*AVAILABLE RECORDS*
____

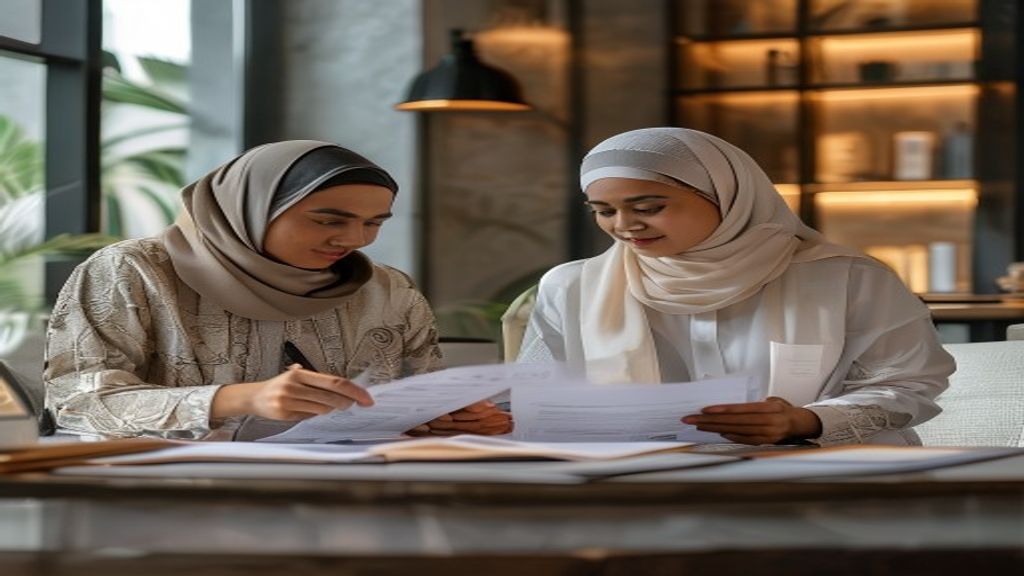 Estimasi biaya umroh untuk 2 orang tahun 2025, lengkap dengan paket perjalanan, visa, akomodasi, dan tiket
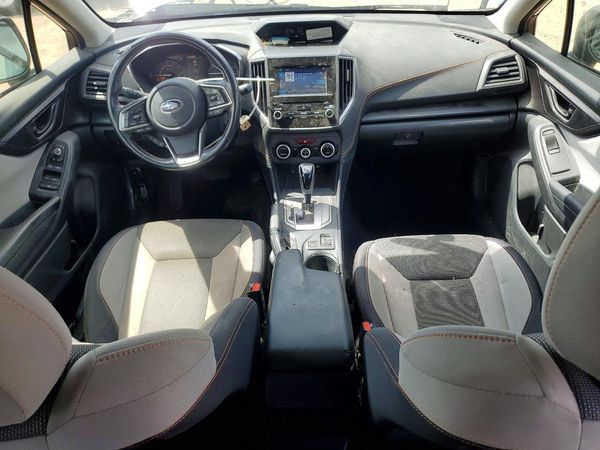 2022 SUBARU CROSSTREK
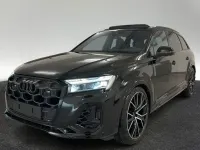 Neu Audi SQ7 Sport 507 PS (372 kW) 2026 Mythosschwarz metallic SUV
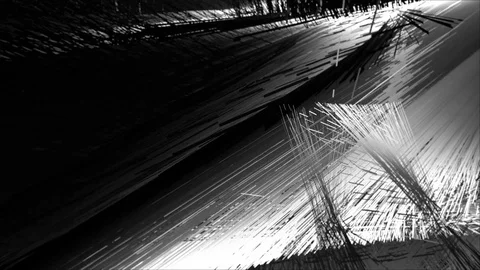 Infinite Threads Vj Loop Stock Footage 69831583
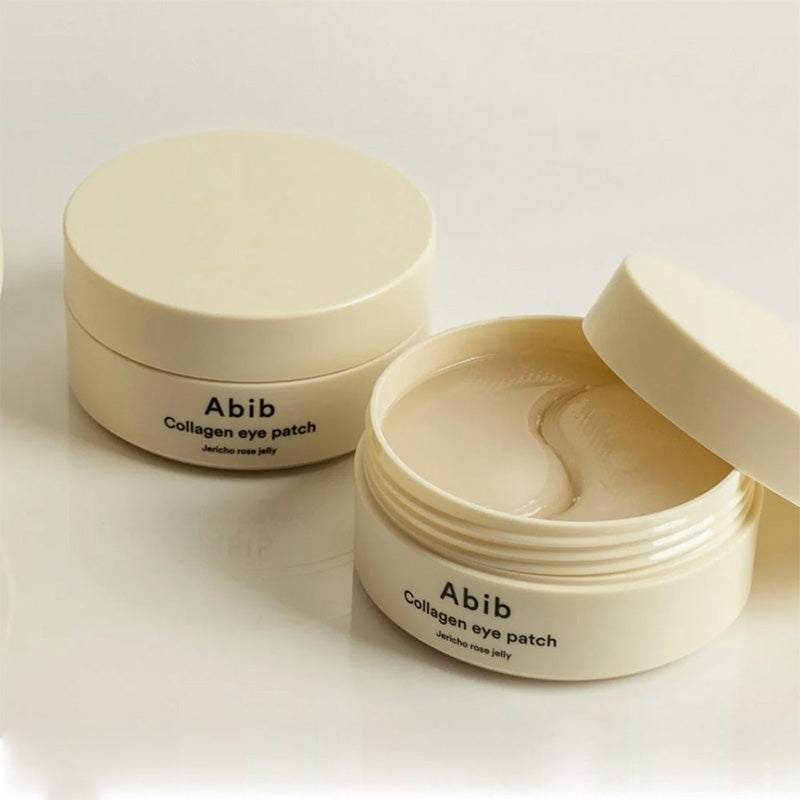 (ABIB) Collagen Eye Patch Jericho Rose Jelly 60pcs 90g
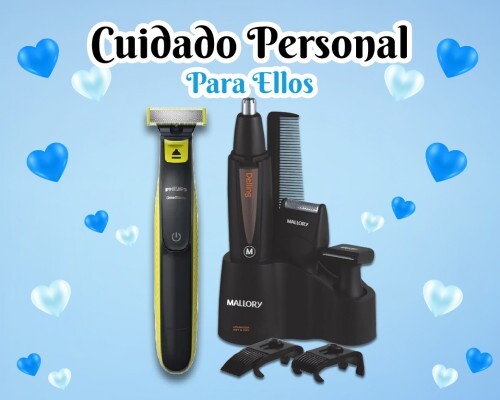 Cuidado personal para ellos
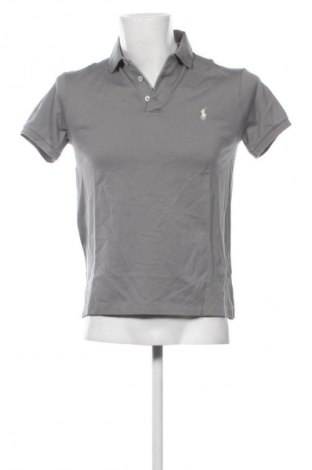 Herren Shirt Polo Ralph Lauren, Größe M, Farbe Grau, Preis 46,99 €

____

*TASK PROMPT*
Give back, word for word, the lines from the one containing "2022 SUBARU CROSSTREK" through the last line of the listing above; include both ends and exclude the pictures.

*OUTPUT*
 2022 SUBARU CROSSTREK
 Neu Audi SQ7 Sport 507 PS (372 kW) 2026 Mythosschwarz metallic SUV
 Infinite Threads Vj Loop Stock Footage 69831583
 (ABIB) Collagen Eye Patch Jericho Rose Jelly 60pcs 90g
 Cuidado personal para ellos
 Herren Shirt Polo Ralph Lauren, Größe M, Farbe Grau, Preis 46,99 €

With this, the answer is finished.